Au 18e jour de la campagne pour la présidentielle du 17 avril, les six candidats ou leurs représentants continuaient mercredi de meubler leurs sorties publiques de sujets très variés pouvant intéresser leurs auditoires, alors que le problème des «irrégularités» commence à s'imposer dans le débat et que la préparation du vote à l'étranger touche à sa fin, le tout sous le regard vigilant des premiers observateurs internationaux.
Les différents meetings se sont déroulés sans incident sauf à Metlili (Ghardaia) où des échauffourées sans gravité entre des groupes de jeunes citoyens et le service d'ordre ont été signalés à la suite d'un rassemblement populaire animé par Abdelmalek Sellal, directeur de campagne du candidat indépendant Abdelaziz Bouteflika.
Selon des journalistes, ces affrontements ont été provoqués par des citoyens venus exprimer leur mécontentement de voir que des «promesses» d'emploi faites par M. Sellal alors qu'il était Premier ministre tardent à se réaliser.

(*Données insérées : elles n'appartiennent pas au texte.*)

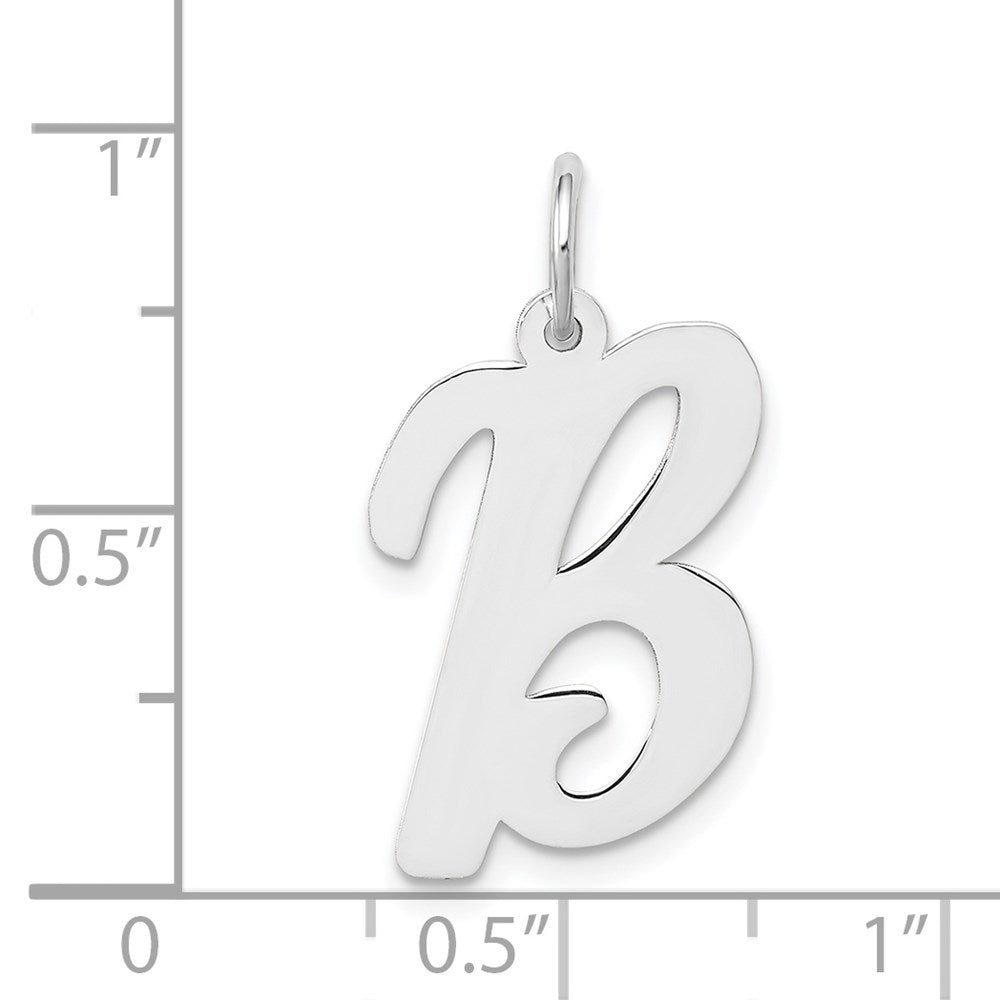 Million Charms 14K White Gold Themed Large Script Alphabet Letter Initial B Charm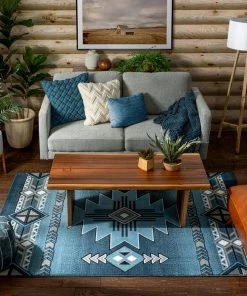 Well Woven Global Dakota Tribal Aztec Southwestern Blue Rug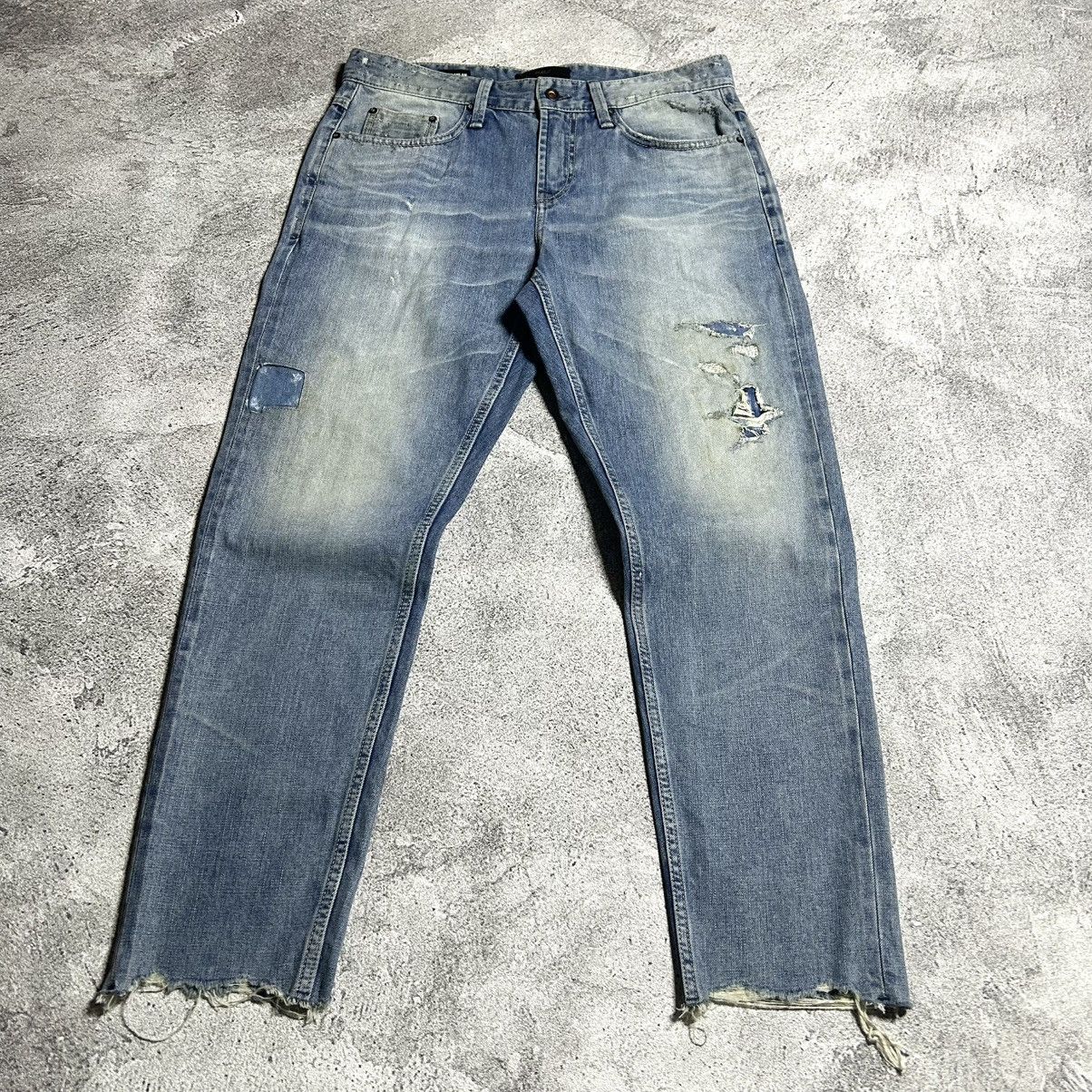 Japanese Brand Crazy Disstresed Denim PLACX CROP MILAN LOSE CROP TAPERED Size US 34 / EU 50 - 2 Thumbnail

Sur les «irrégularités» ayant émaillé le déroulement de la campagne électorale, la palme des dénonciations est revenue au candidat Moussa Touati, qui a pointé du doigt «l'argent sale» qu'aurait utilisé un candidat (qu'il ne citera pas nommément) pour financer sa campagne, mais aussi «l'affichage anarchique».
S'exprimant dans différents médias, lors d'un meeting ou encore en recevant des observateurs européens, M. Touati a démenti, à l'occasion, l'intention qu'on lui a prêtée de se retirer de la course électorale pour la simple raison que la loi l'interdit à tout candidat qui s'y engage et que lui-même milite précisément pour l'instauration d'un Etat de droit respectueux des règlements et des lois.
Dans un bilan rendu public hier mardi, la Commission nationale de supervision de l'élection présidentielle (CNSEL) avait indiqué avoir réceptionné 123 recours relatif surtout à «l'affichage anarchique» (98 cas), mais aussi à des cas de parti pris de l'administration, à des écrits de presse et à des faits d'ordre pénal tel que les incidents de Béjaïa samedi dernier.
De son côté, la commission nationale indépendante de surveillance de l'élection présidentielle (CNISEL) a admis implicitement l'existence de problèmes et a appelé les parties concernées par le scrutin à se conformer aux règles régissant la campagne électorale et à s'écarter de tout agissement de nature à compromettre le bon déroulement du processus.
Pour leur part, les premiers observateurs internationaux présents à Alger, à une semaine du début du scrutin, se disent satisfaits des conditions de préparation de l'élection, en attendant d'autres «évaluations techniques».